I was surprised the early voting was 2-1 against. This always burrs my saddle when i hear it. Perfect example would be Daniel Cabrera.

Sure he could pitch well for a stretch but who really believes he’ll do anything but damage your team given any larger sample size.

by faketeams on Aug 6, 2008 11:09 AM EDT reply actions   0 recs

Hmm

I think Shandler usually means a player owns a skill, given a sufficient sample size … like a full year or maybe just half a season. So it may be that the two positions are not irreconcilable.

In the short term, sure: Daniel Cabrera can have a brilliant month. But when has he ever sustained it for a year? That’s why you can’t say he’s really displayed the skills he’s alleged to have lurking somewhere inside.

Maybe it comes down to defining a nebulous area: When is a sample size sufficient enough to draw conclusions about the divide between a luck-fueled hot streak and true skill?

I tend to believe that a player needs several months of sustained performance before I’m willing to concede it’s “skill.”

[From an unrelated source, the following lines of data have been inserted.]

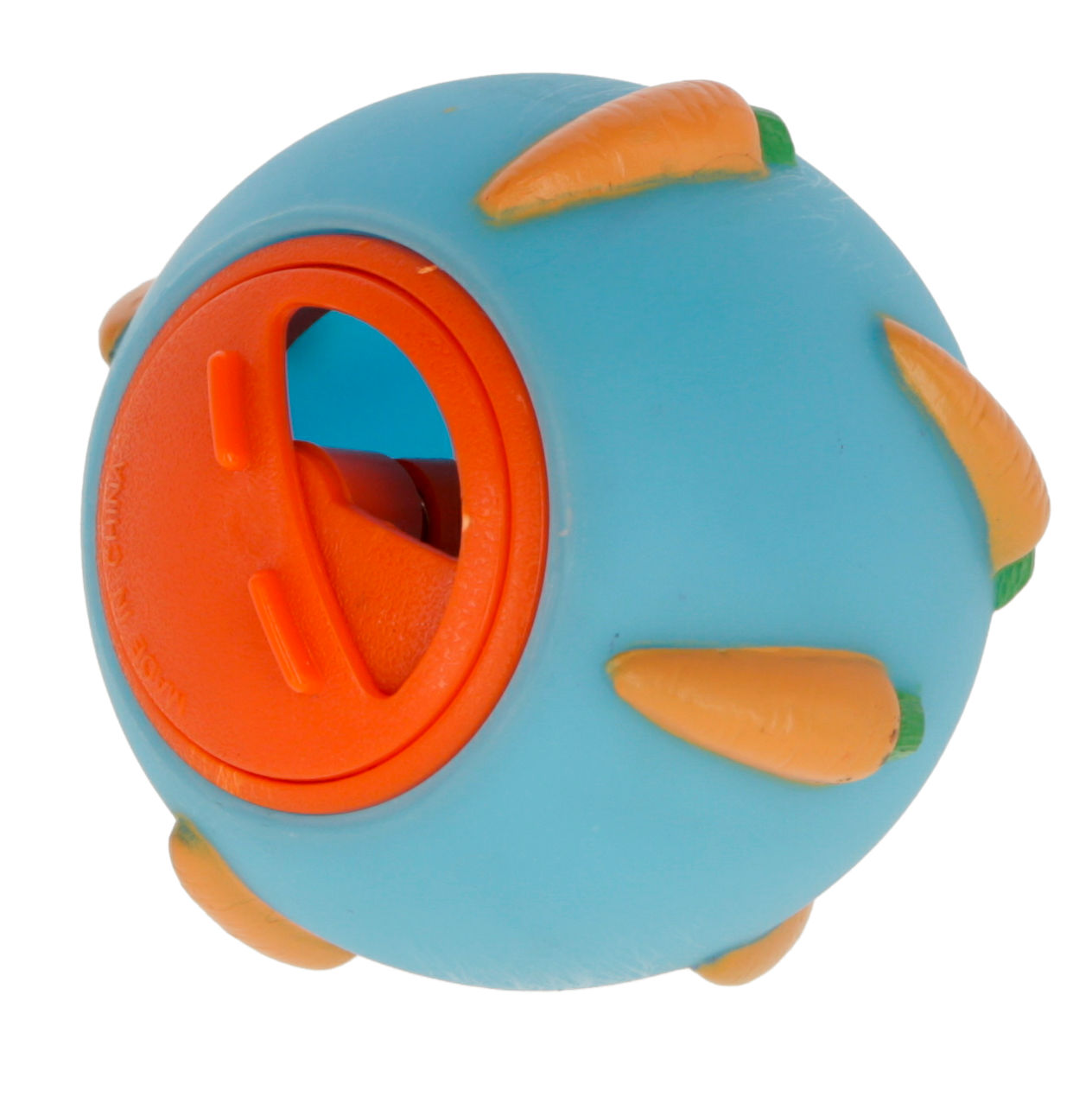 Kerbl Snackball für Nager Ø 7 cm, blau Kerbl Snackball für Nager Ø 7 cm, blau
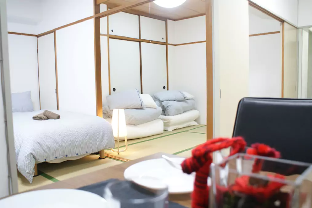 #T501/ 1 min to Omiya sta, 4PAX! +WIFI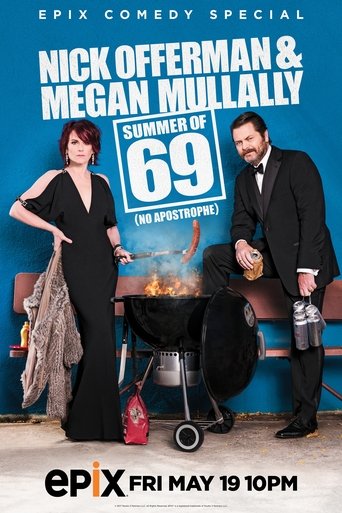 Nick Offerman & Megan Mullally - Summer of 69: No Apostrophe Poster of Nick Offerman & Megan Mullally - Summer of 69: No Apostrophe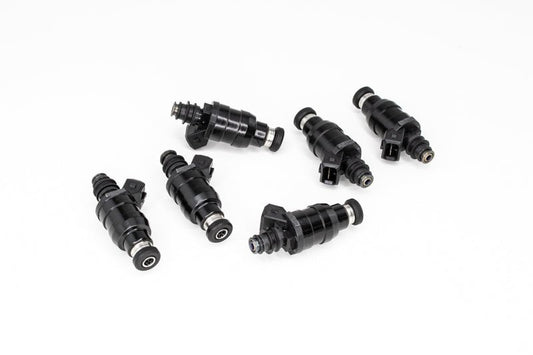 DeatschWerks - DeatschWerks Universal 800cc Low Impedance 11mm Upper Injector - Set of 6 - Demon Performance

by Xavier. on Aug 6, 2008 3:02 PM EDT reply actions   0 recs

Shandler addresses this in his book.

Hope I’m not crossing any copyright line: “Once a player displays a skill, he owns it. That display could occur at any time – earlier in his career, back in the minors, or even in winter ball play. And while that skill may lie dormant after its initial display, the potential is always there for him to tap back into that skill at some point, barring injury or age. That dormant skill can reappear at any time given the right set of circumstances.
Caveat… The initial display of skill must have occurred over an extended period of time. An isolated 1-hit shut-out in Single-A ball amidst a 5.00 ERA season is not enough. The shorter the display of skill in the past, the more likely it can be attributed to random chance. The longer the display, the more likely that any re-emergence of that skill is for real. Typically, you’d want to see a consistent level of performance over at least a several month period.”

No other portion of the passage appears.